I was looking at James 3:15-18 and reading Jimmy’s strong words that basically calls us to wake up and smell the coffee in terms of where we think we’re getting our wisdom from. Sometimes the power of these words are diluted by cultural sensitivities. Sometimes we want to modify and accommodate these words into something that is relatively harmless to others. The reality is however that the mainstream does not endorse, promote or support heavenly wisdom. That’s why it’s no surprise that we live in such a fractured, painful world because all humanity has ever perpetuated is fractured, painful choices through selfish ambition. Face it – your parents may not have done all they could to ensure their children were Kingdom-focussed offspring looking for how to plant peace.

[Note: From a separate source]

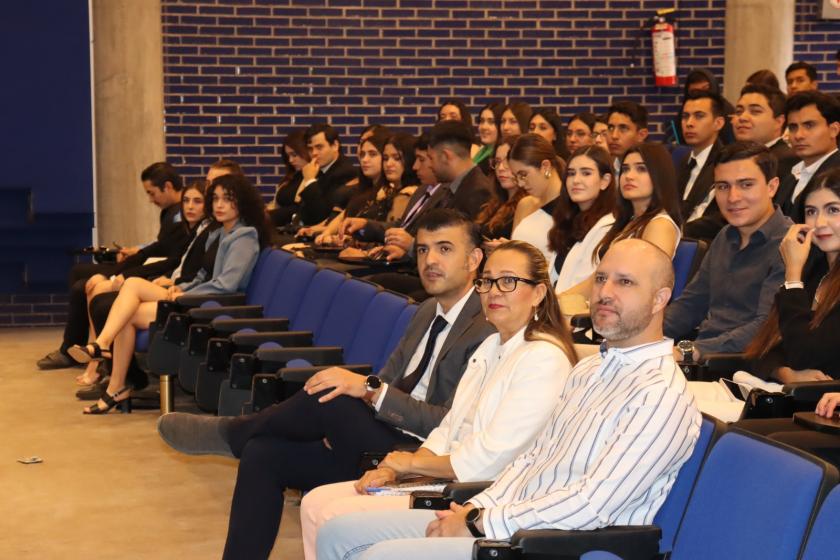 Profesores evaluando trabajos finales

More often than not generations and cultures have embedded in them selfish ambition either through conquest or through keeping oneself to oneself. We are told to look after number one. We are encouraged to get all we can and can all we get. We are told to do whatever we can for ourselves because we are worth it and deserve our best lives now even if it prioritises the self over all else. Indeed biblical narrative highlights the cycle of material prosperity leading to independence and on the other hand in some cases material lack leading to a great deal of covetousness to and aspiration to material prosperity that would then lead to that state of independence. God’s purpose in any kind of prosperity was never for independence but for a stronger sense of concern and investment in interdependence with all levels of the community around us. That’s why the call to be peacemakers and behaving in ways that are pleasing to God are necessarily costly to us – calling indeed for self-sacrifice in order to replicate the very character of the Saviour as we shall see later.
Meanwhile I encourage you to observe for yourself the values and norms of your own surroundings and notice if it is really based on sowing the seeds of peace or otherwise and ask God to empower you again to do what is necessary to see justice in individual and communal relations for Christ’s sake.